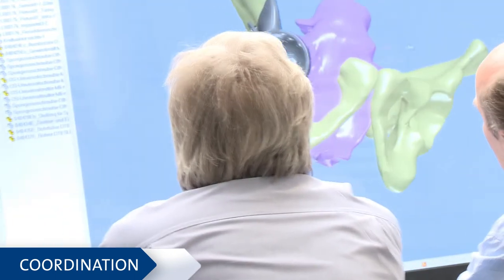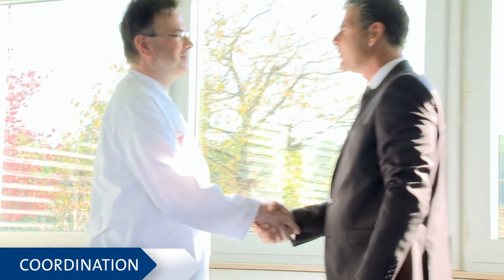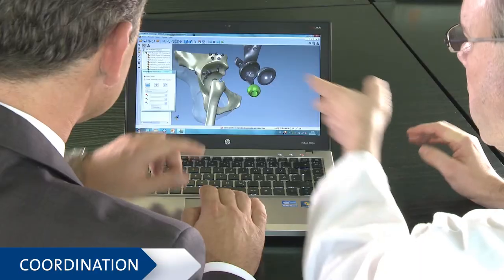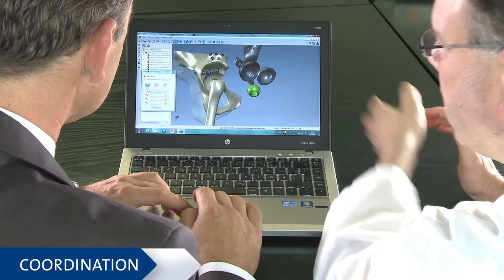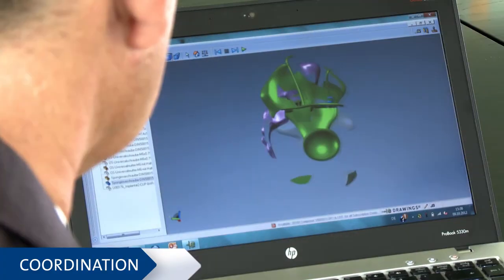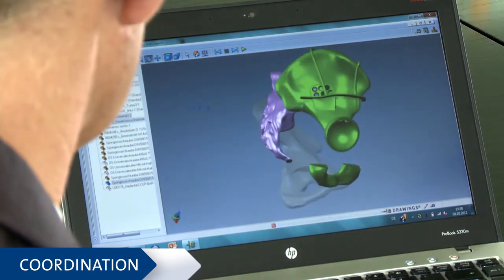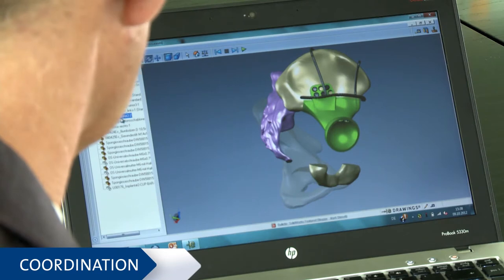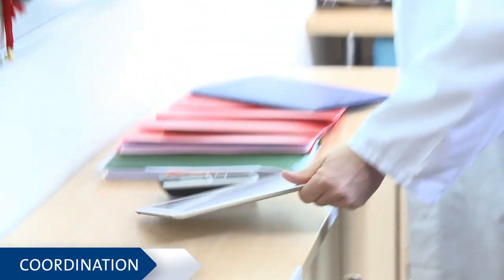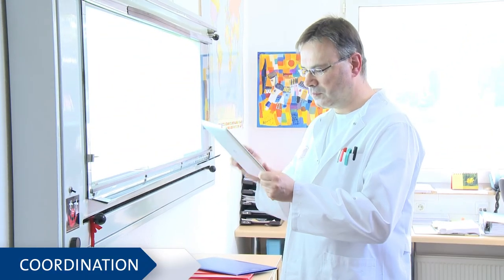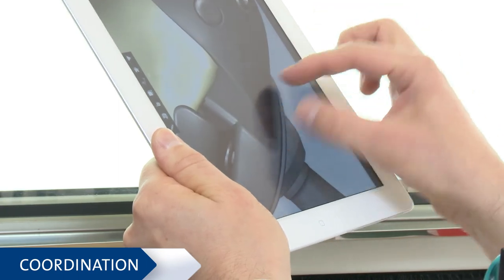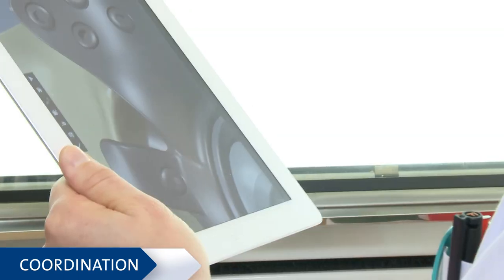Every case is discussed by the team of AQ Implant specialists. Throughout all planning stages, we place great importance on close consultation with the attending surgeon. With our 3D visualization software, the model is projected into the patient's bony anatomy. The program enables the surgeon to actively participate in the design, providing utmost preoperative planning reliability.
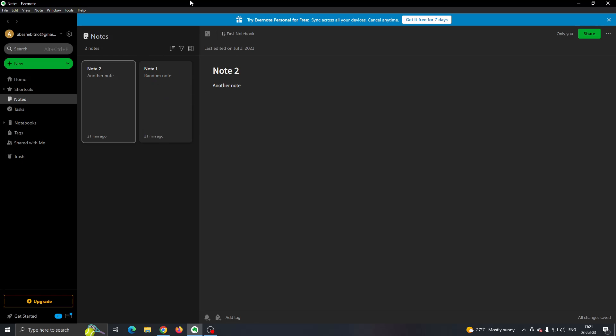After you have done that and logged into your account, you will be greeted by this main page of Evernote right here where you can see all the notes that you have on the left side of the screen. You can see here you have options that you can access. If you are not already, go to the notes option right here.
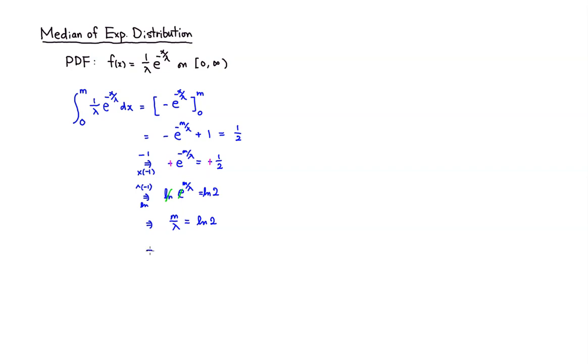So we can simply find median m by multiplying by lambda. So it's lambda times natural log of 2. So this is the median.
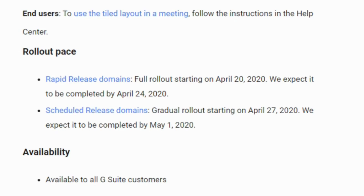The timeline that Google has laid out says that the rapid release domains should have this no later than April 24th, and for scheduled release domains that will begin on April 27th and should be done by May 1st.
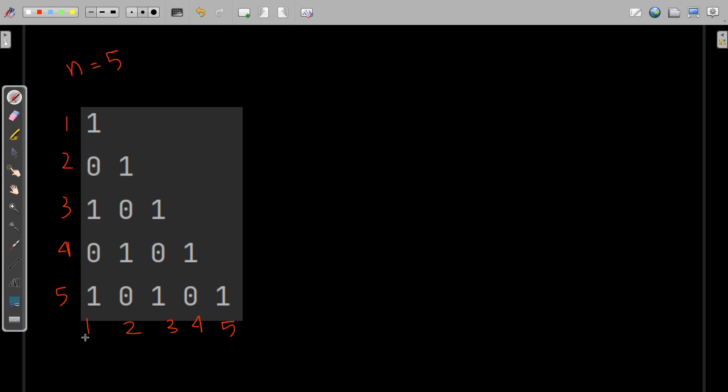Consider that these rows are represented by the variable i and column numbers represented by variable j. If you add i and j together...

######

WHAT YOU HAVE TO DO>
Write down exactly the lines running from the line with "The timeline that" through the end of the material, both ends included, and none of the pictures.

SOLUTION TO THIS PROBLEM>
The timeline that Google has laid out says that the rapid release domains should have this no later than April 24th, and for scheduled release domains that will begin on April 27th and should be done by May 1st.
Consider that these rows are represented by the variable i and column numbers represented by variable j. If you add i and j together...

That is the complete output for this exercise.